## DATASET CONTENT
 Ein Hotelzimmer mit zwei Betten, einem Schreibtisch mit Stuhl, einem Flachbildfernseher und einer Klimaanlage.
--
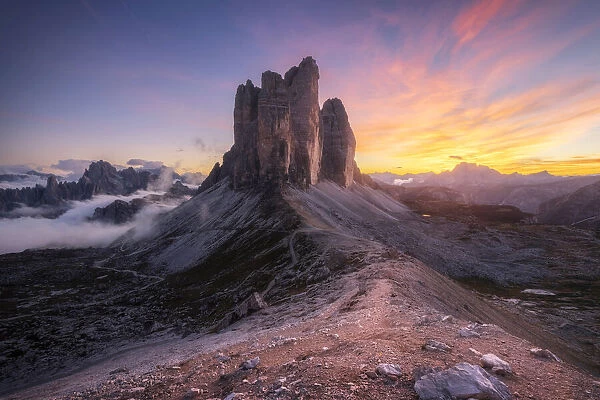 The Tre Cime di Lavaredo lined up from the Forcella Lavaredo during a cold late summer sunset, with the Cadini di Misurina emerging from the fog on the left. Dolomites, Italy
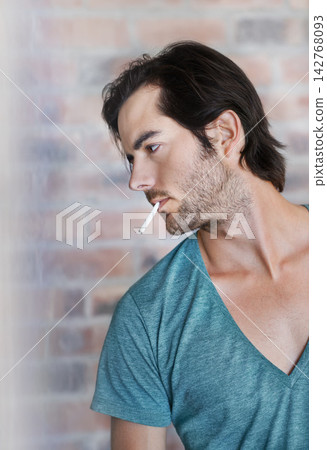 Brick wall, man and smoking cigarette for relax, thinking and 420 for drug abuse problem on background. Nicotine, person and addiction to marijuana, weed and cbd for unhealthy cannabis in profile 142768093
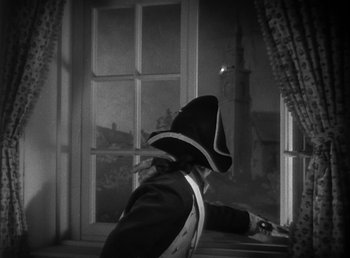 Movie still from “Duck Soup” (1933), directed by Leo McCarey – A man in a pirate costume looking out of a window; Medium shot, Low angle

## ACTION ITEM
Looking above, find the stretch of lines that opens with the one holding "The Tre Cime" and closes with the one holding "Movie still from". Copy it exactly, pictures excluded.

## RESULT FOR THIS EXERCISE
 The Tre Cime di Lavaredo lined up from the Forcella Lavaredo during a cold late summer sunset, with the Cadini di Misurina emerging from the fog on the left. Dolomites, Italy
 Brick wall, man and smoking cigarette for relax, thinking and 420 for drug abuse problem on background. Nicotine, person and addiction to marijuana, weed and cbd for unhealthy cannabis in profile 142768093
 Movie still from “Duck Soup” (1933), directed by Leo McCarey – A man in a pirate costume looking out of a window; Medium shot, Low angle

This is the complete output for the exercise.